Originally posted Thanksgiving 2001 and revised for Thanksgiving 2002 – gotta go baste the turkey.
It’s the time of the year when a sportsfan’s three favorite activities – eating, drinking and watching sports - get together for a well deserved and desperately needed four day weekend.
Thanksgiving. A time
to give thanks. A time to recognize and appreciate all that we have.
Celery sticks with cream cheese or peanut butter for starters; followed by pimento filled olives, a cheese and cracker platter and the kickoff of the Patriots-Lions game. I love Thanksgiving.
My wonderful and thoughtful wife will have the turkey perfectly timed to be carved and served between games.

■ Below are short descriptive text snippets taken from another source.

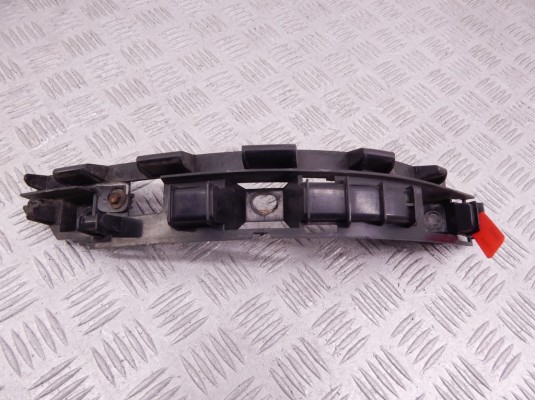 Кронштейн крепления бампера заднего BMW 7-series (E65/66) 51 12 7 123 797
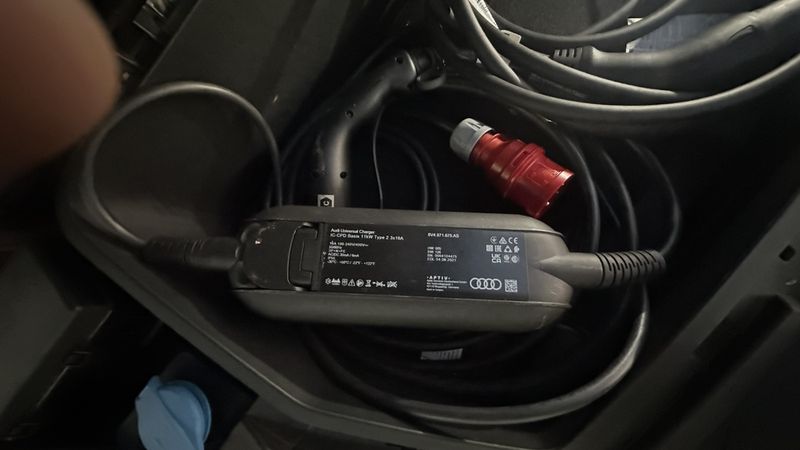 Audi e-tron • 2021 • 28,000 km 27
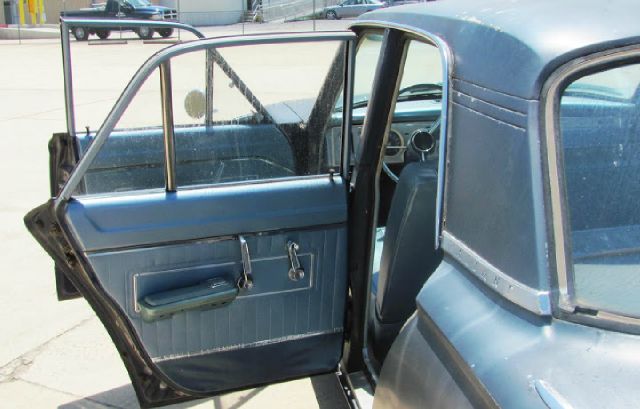 Plymouth Valiant 1964 photo 12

The table will be lavishly decorated and well stocked with all our favorite foods. First and foremost, the plumper Louise. I have to ask: why is Thanksgiving one of the few times a year we get to eat turkey? It’s not like we couldn’t go to the market and buy a turkey anytime we want. How come there always has to be an occasion?
Can you imagine coming home from work on a Tuesday to a turkey dinner with all the trimmings? I guarantee your first thought would be “what’s the occasion?”

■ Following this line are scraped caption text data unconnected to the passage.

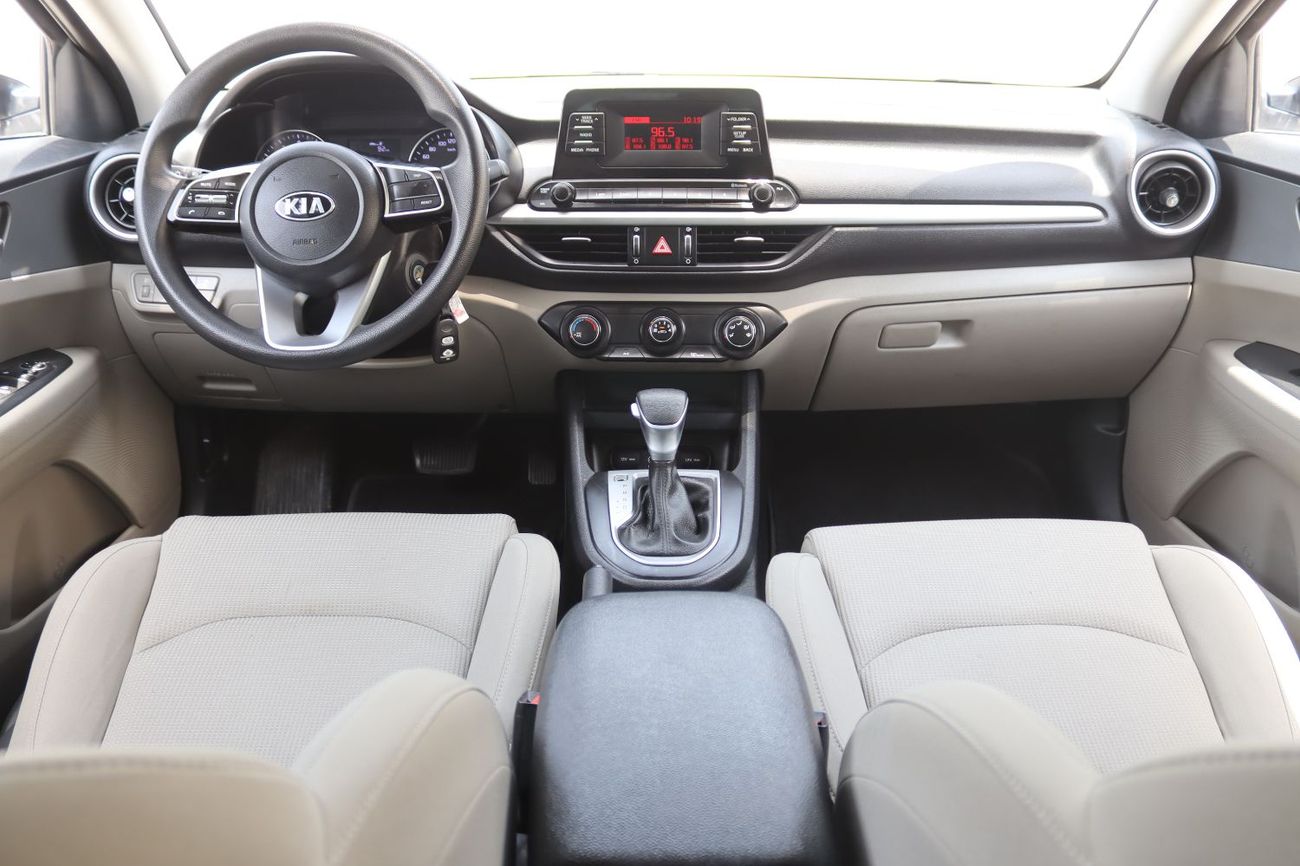 Kia Cerato Kia Cerrato car model 2020, Gulf specifications, accident-free, mileage 95,000 kilometers, with a 16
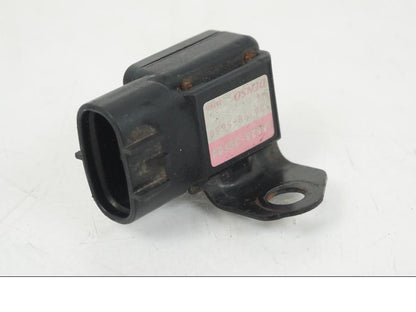 Baksidan på Mapsensor från en Suzuki GSX-R 750 -2001 motorcykel.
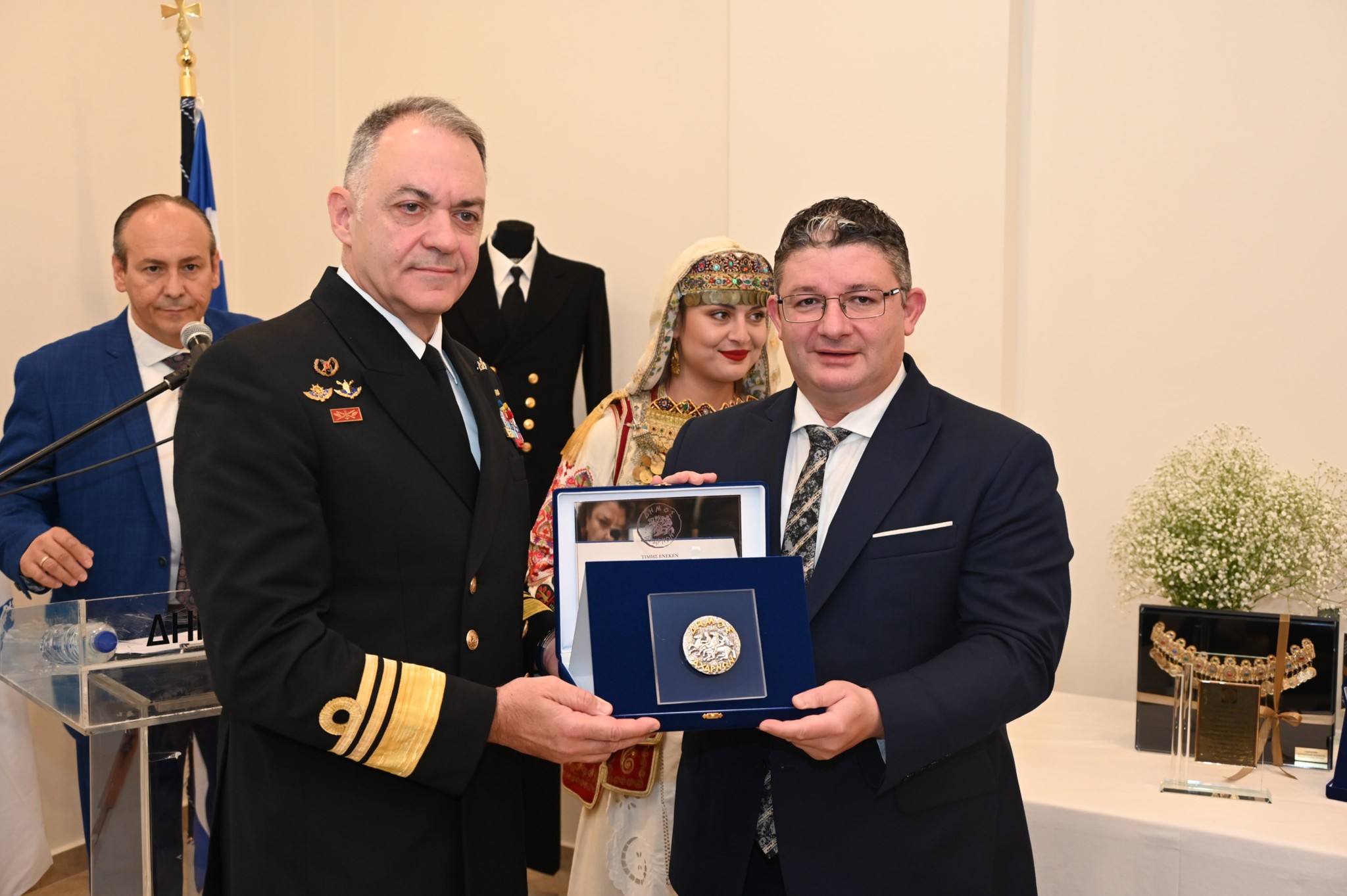 Με το μετάλλιο της πόλης των Αχαρνών τίμησε ο Δήμαρχος Σπύρος Βρεττός τον Αρχηγό ΓΕΝ Αντιναύαρχο Δημήτριο Κατάρα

And why does the Thanksgiving cook find it necessary to make the side dishes more complicated than they have to be? I don’t want pearl onions in my peas, I don’t want sauteed almonds in my string beans and I definitely don’t want my yams ‘candied’.
But then, I’m a meat and potatoes guy. Except on Thanksgiving – when I want to see a big bowl of mashed turnips on the table (or is it rhubarb?).
And stuffing. Or is it dressing? Can anyone tell me what is the difference between stuffing and dressing?
What about sweet potatoes and yams? Isn’t a yam the same as a sweet potato? If not, why not?
Is succotash just a fancy word for mixed vegetables? Every other day of the year we have mixed vegetables. On Thanksgiving, we have succotash. If you add a lima bean to mixed vegetables, is that what makes it succotash?
Keep the cranberry chutney down at the other end of the table (along with the acorn squash and creamed Brussels sprouts) and open up a can of good, old-fashioned cranberry sauce.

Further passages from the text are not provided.